What you need to do:
Pull out every line from the line containing "Ariat long sleeve button up" through the end of the material, both ends included, and reproduce it exactly. Keep pictures out.

The data:
- - -

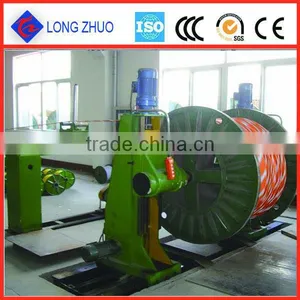 French Type Cable Reel/Stringing Equipment Cable Reel Stand/Plate Cable Reel Stand thumbnail-1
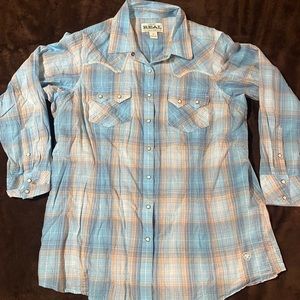 Ariat long sleeve button up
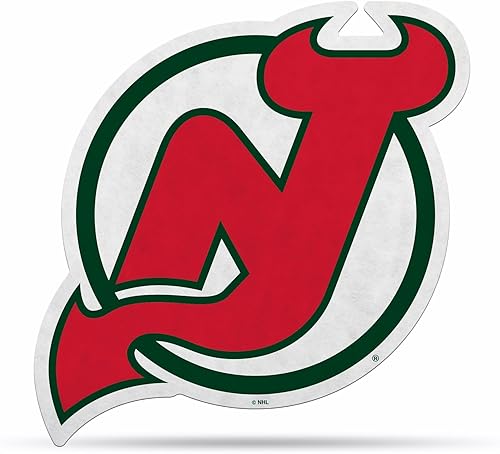 Miniatura 175 de NHL Rico Industries - Banderín de corte en forma de banderín, decoración del hogar y sala de estar, fieltro suave EZ para colgar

- - -

Exercise response:
 Ariat long sleeve button up
 Miniatura 175 de NHL Rico Industries - Banderín de corte en forma de banderín, decoración del hogar y sala de estar, fieltro suave EZ para colgar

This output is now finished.